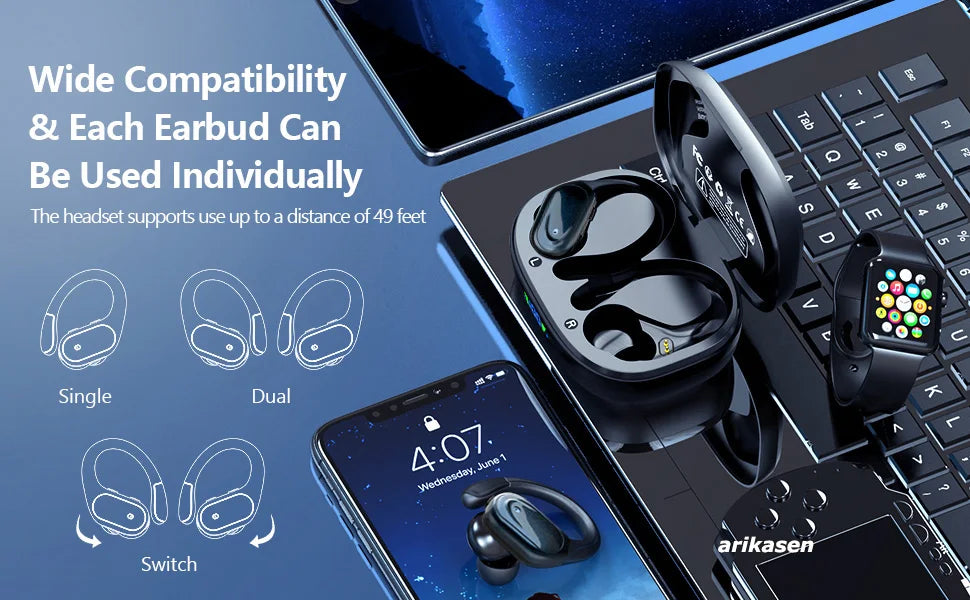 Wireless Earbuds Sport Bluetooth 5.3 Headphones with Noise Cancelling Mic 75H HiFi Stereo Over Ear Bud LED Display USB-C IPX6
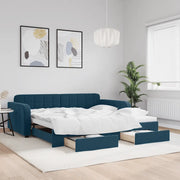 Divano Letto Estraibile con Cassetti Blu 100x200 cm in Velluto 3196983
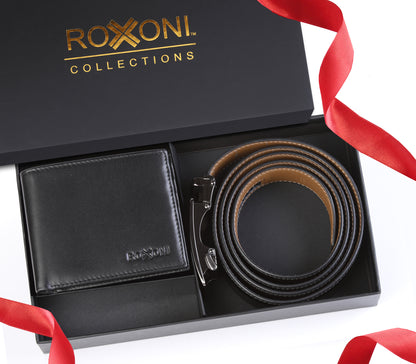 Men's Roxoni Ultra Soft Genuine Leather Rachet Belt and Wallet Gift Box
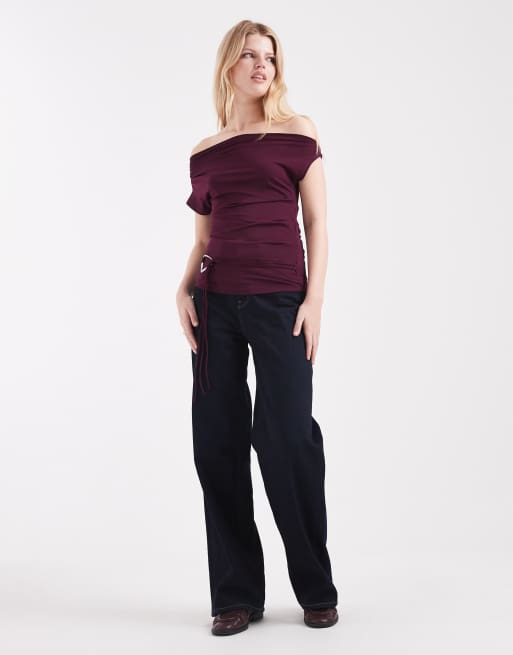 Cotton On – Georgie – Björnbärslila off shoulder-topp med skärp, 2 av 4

══════

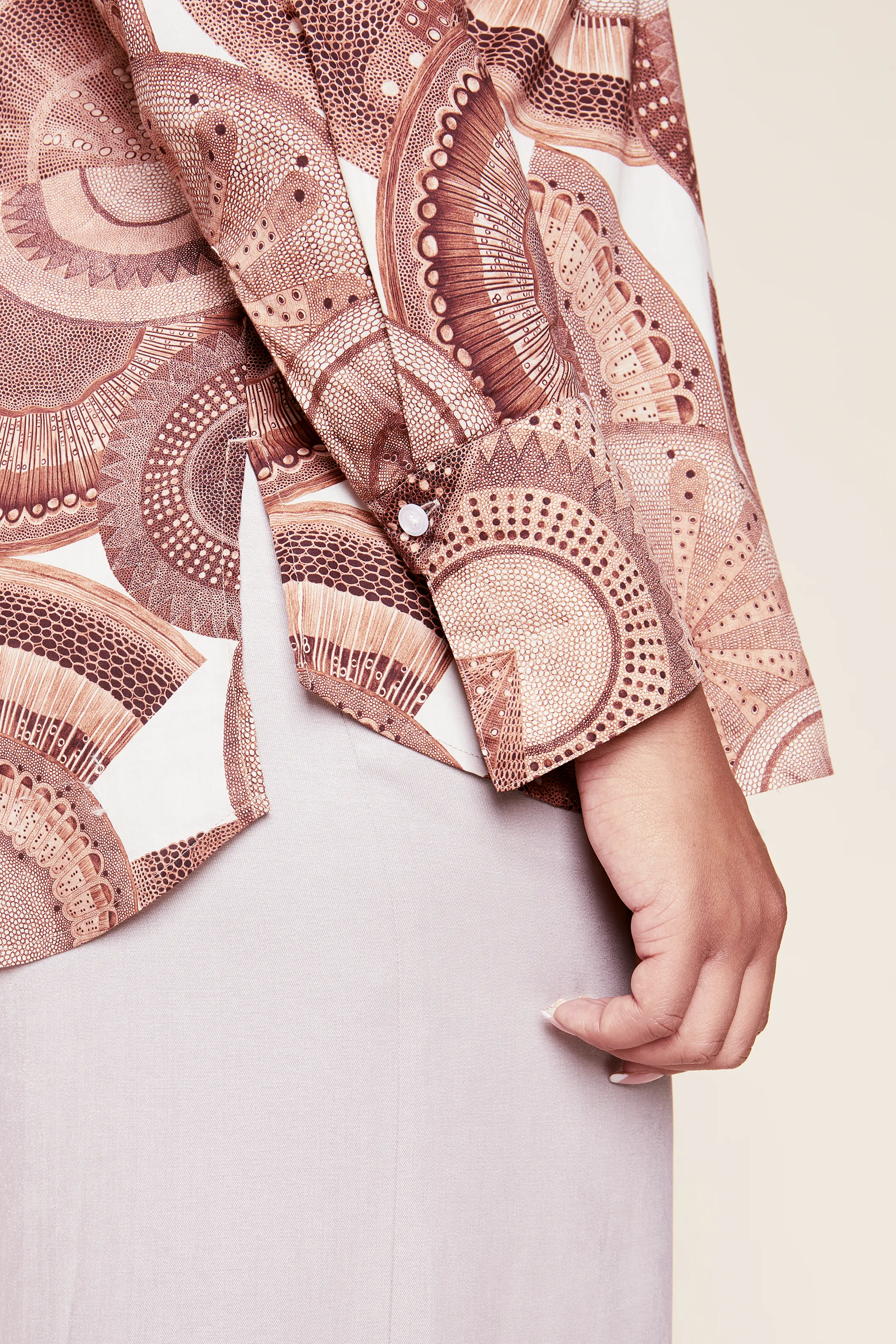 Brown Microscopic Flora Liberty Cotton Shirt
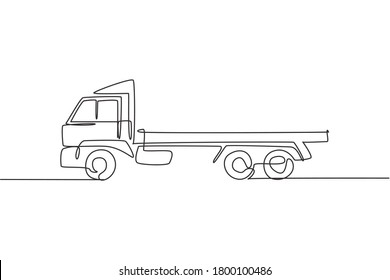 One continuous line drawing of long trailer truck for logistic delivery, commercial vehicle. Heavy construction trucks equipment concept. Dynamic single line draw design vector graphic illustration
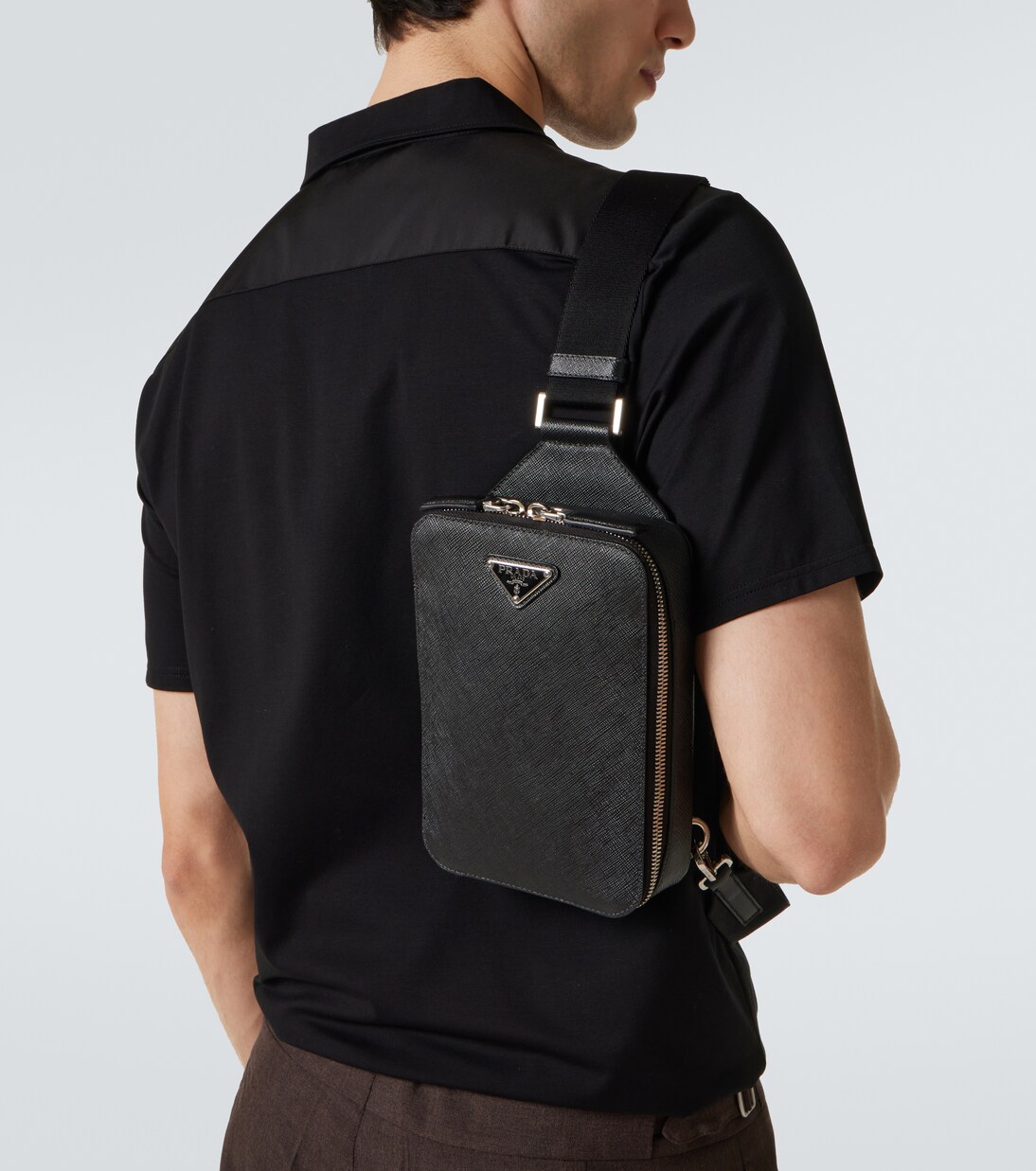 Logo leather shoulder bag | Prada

══════

§ **Work item**: Give again the lines of the listing above that run from the one with "Divano Letto Estraibile" up to and including the one with "Cotton On –". Keep them exact and omit the pictures.

§ **Reply**:
 Divano Letto Estraibile con Cassetti Blu 100x200 cm in Velluto 3196983
 Men's Roxoni Ultra Soft Genuine Leather Rachet Belt and Wallet Gift Box
 Cotton On – Georgie – Björnbärslila off shoulder-topp med skärp, 2 av 4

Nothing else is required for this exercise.